Similar committees have also been founded at UPS—which held an online meeting earlier this month to discuss a global strategy against layoffs—as well as in the auto industry and others.

“We work 16 hours a day, 7 days a week”

On Monday and Tuesday afternoons, WSWS reporters spoke to workers at the picket line about their struggle.

Dale, a machinist and operator with nearly 20 years seniority, said: “A big issue is they want to change the tier system, to make it even more like favoritism. Management wants to be able to pick whoever they want to get to the top tier. And they are giving us nothing for COLA.

Dale

“Automation has had a big impact here. When it first opened in the 1960s there were 1,600 workers at this facility. When I started working here, it was 700 people. Now we’re down to 400. They’ve rolled out new technology for packers and fillers. They have only four people or so on some of these can lines.

“The management here is poor. Their answer to everything is ‘faster is better.’ And they force us to work 16 hours a day. They’re making big bonuses and the company is making record profits, and yet they say there’s no money even for parts. The policy for equipment is to run it to failure. But then when things break down, the line is shut for days while they fly in replacement parts from England, Germany, or from other places in the US. How are we supposed to do our jobs without extra parts?

“We have problems with injuries. The sanitation in the building is bad. We have people who’ve broken or sprained ankles from slips and falls, because the ground is so slick.

“The schedule is really hard on people. And now they want to change it to where instead of three eight-hour shifts [plus overtime], they would go to two 12-hour shifts. So basically that would get rid of four hours worth of overtime. So we would actually lose a ton of money.

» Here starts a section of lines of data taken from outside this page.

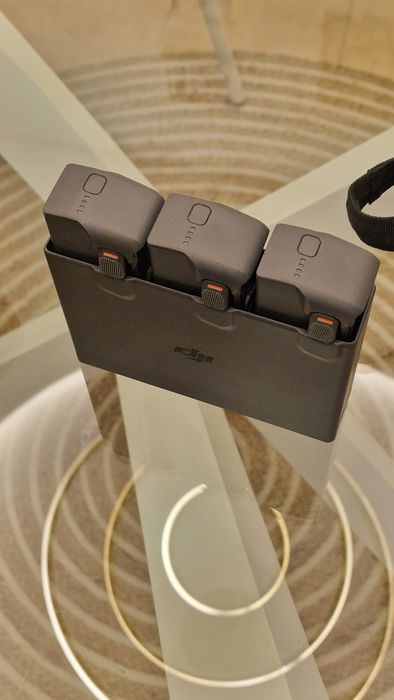 Dji Avata 2 fly more combo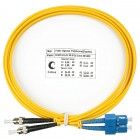 Cabeus FOP(d)-9-SC-ST-2m (7544c)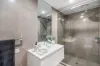 201/271-281 Gouger Street, Adelaide, SA 5000-Image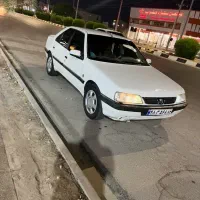 ماشین ۴۰۵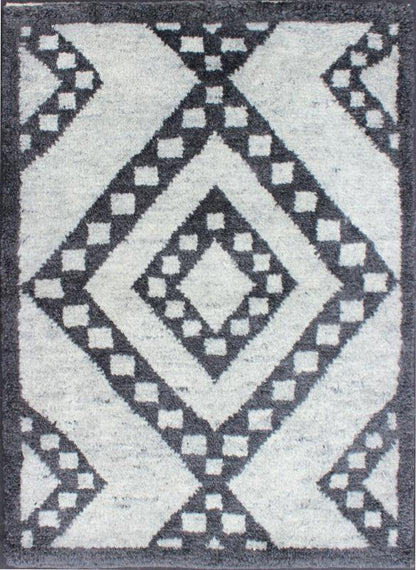 nan - Keivan Woven ArtsAPE - 47 - 9459 - G - 7443Rug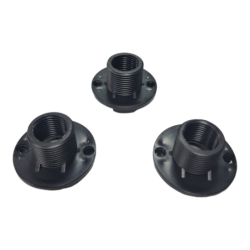 BATARYA STANT APARATI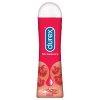 Lubrikační gel Durex Strawberry gel 50 ml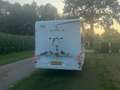 Caravans-Wohnm Carado CAPRON LIBERTE VIP 690 Blanc - thumbnail 6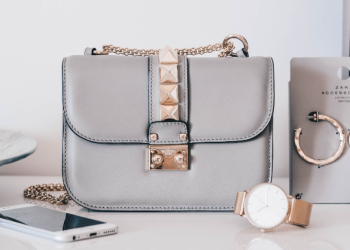 How to Care for Your Stylish Handbags and Make Them Last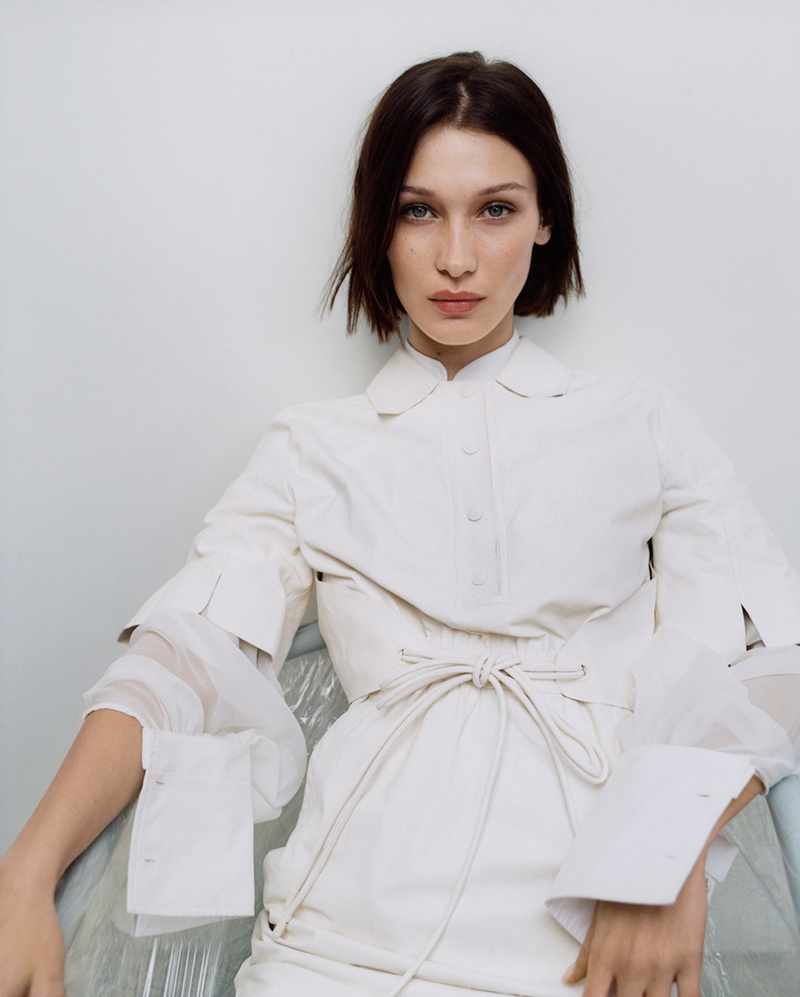 Zoë Ghertner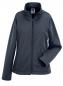 Ladies` SmartSoftshell Jacket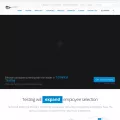 phpro.org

“Most of us are bottom tier in the facility. Again, it’s really a system of favoritism, of picking who management likes best to put on the top tier.

“I love my job, the benefits are great. But that’s also something they want to get rid of. They want to move off the Teamsters plan onto an employer-sponsored plan. Our healthcare deductible would go up from $2,000 to $7,000. On top of that, it used to be that every hour you worked, 4 percent went into your retirement. Now, this is capped at 40 hours a week. No overtime counts towards retirement, even though we can be working 30 to 40 hours of overtime in a week.”

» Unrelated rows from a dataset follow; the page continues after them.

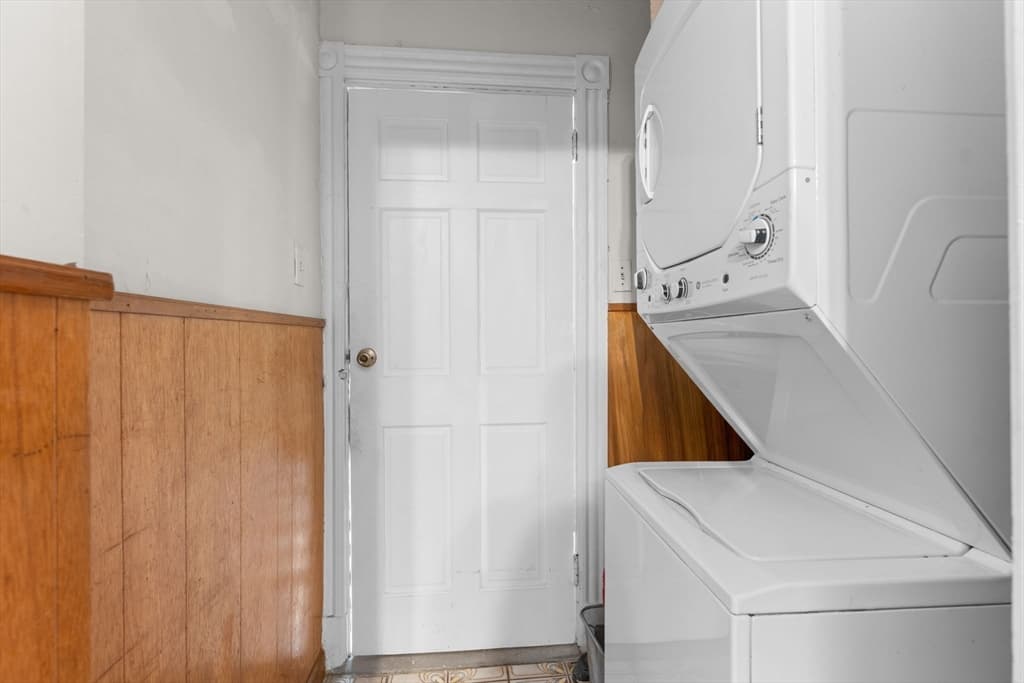 2 Family - 2 Units Up/Down at 92 Sheridan Ave, Medford MA 02155, photo 13 of 42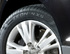 Cooper Zeon 4XS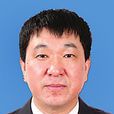 杜微(吉林省人民檢察院鐵路運輸分院檢察長) 杜微(吉林省人民檢察院鐵路運輸分院檢察長)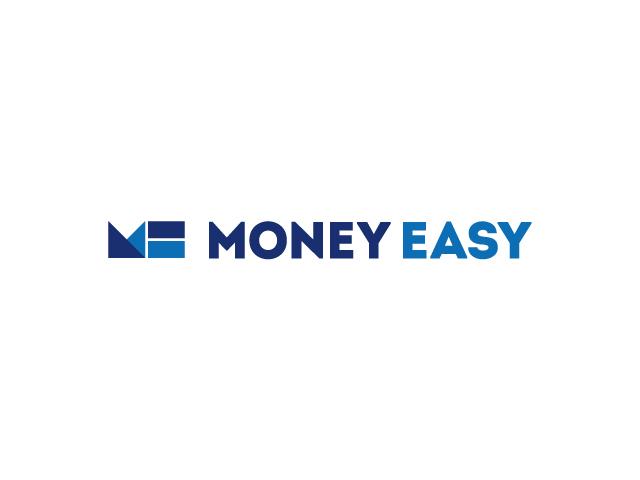 『MoneyEasy』は金融機関が発行事業主となることで、円（1円＝1コイン）との交換ができ、地域通貨ユーザー同士の交換や払い戻しも可能だ。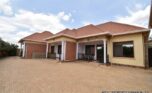 Nyumbani cottages in Kicukiro (1)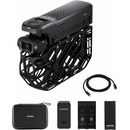 HOVERAir X1 PRO Basic Combo (EU)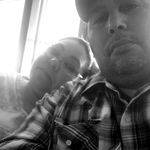 Profile Picture of Danny Frias (@dannyjfrias) on Instagram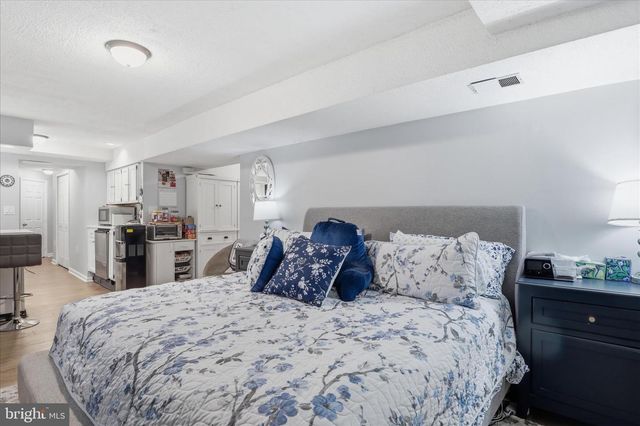 10410 LABRADOR LOOP, Manassas, VA 20112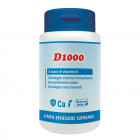 D1000 70 capsule vegetali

Dale also spoke with great concern about the pandemic. “We take COVID very seriously in our building. Everyone is vaccinated. They gave us $5 more per hour during the pandemic to risk our lives during COVID. We had people die, some people are still out. This thing will never be over, at least the way they’ve handled it.”

Another worker concurred. “COVID was terrible in 2021 and 2022. I had a co-worker who was in her 70s who caught COVID. I thought she was going to die. The heat is also terrible in the summer. Last year we had a heat wave where it reached 110 degrees [43.3 °C]. We had two people suffer heat stroke.”

Asked what he would like to see in the next contract, he said, “The price of everything is going up. At the very least we need pay that keeps pace with inflation. We need more family time built into our work schedule. One time, I went six months before I had a day off.

“The companies everywhere are making billions. They’re reinvesting in automation, not people. We’re here to fight for our kids, for our future. I’m close to retirement, but I want to show them that we can stand together and fight.”